I do not consider the incidental charges made for the use of the facilities at Pullen and Chavis Parks to be determinative on the question of governmental immunity. The total receipts from these sources amounted to only $22,648.99 for the fiscal year ending 30 June 1953, in comparison with the over-all cost of $158,247.95 to operate and maintain all the parks in Raleigh, including its recreational program, for that period. The profit motive it would seem could not have been a substantial factor in the operation and maintenance of the defendant's parks or in the maintenance of its recreational program.

Ordinarily, when a city engaged in a business for profit it is one that will not only pay the expenses in connection with its operation, but will earn substantial income that will go into its treasury for the benefit of all its citizens and taxpayers. In the instant case, the income from Pullen Park, during the period under consideration, lacked $6,593.87 of being sufficient to operate and maintain that particular park. Anno.— Parks- — Liability of Municipality, 99 A.L.R. 694, et seq.

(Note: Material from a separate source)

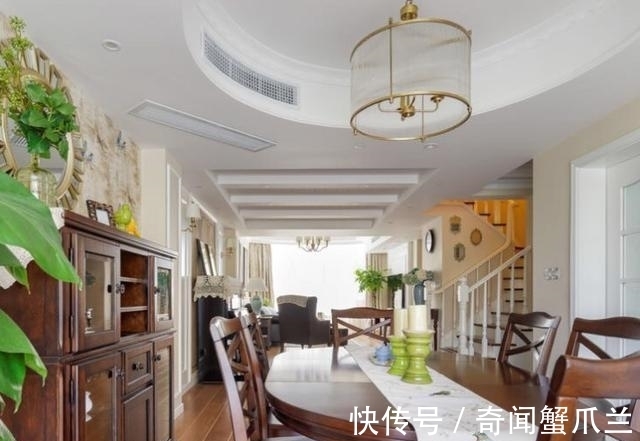 风格|160平米复式，浓郁的美式怀旧风格，大气中饱含着家的温馨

In light of the decisions I have cited, and in view of the fact that the trend in this country is to limit rather than to extend the doctrine of governmental immunity, Municipal Corporation Law by Antieau, Volume 2, section 11.11, page 34; McQuillin’s Municipal Corporations, 3rd Edition, Volume 18, section 53.112, page 453, et seq.; Augustine v. Town o f Brant, 249 N.Y. 198, 163 N.E. 732, I am constrained to support the rule to the effect that municipalities are liable for express acts of negligence of their agents and employees in the operation and maintenance of municipal parks and playgrounds, when such negligence is the proximate cause of injury or damage. This view is supported by many authorities. See 63 C.J.S., Municipal Corporations, section 907(b), page 314; Anno.: — Parks—Liability of Municipality, 142 A.L.R. 1350; McQuillin’s Municipal Corporations, 3rd Edition, Volume 18, section 53.112, page 445, et seq., and cases therein cited.

I believe, however, it would be wise and proper for the General Assembly to limit recovery for injuries sustained in a municipal park or playground to those injuries proximately caused by the negligent acts of the city’s employees, and also to put a reasonable limit on the amount recoverable in such actions. Flynn v. Highway Commission, 244 N.C. 617, 94 S.E. 2d 571.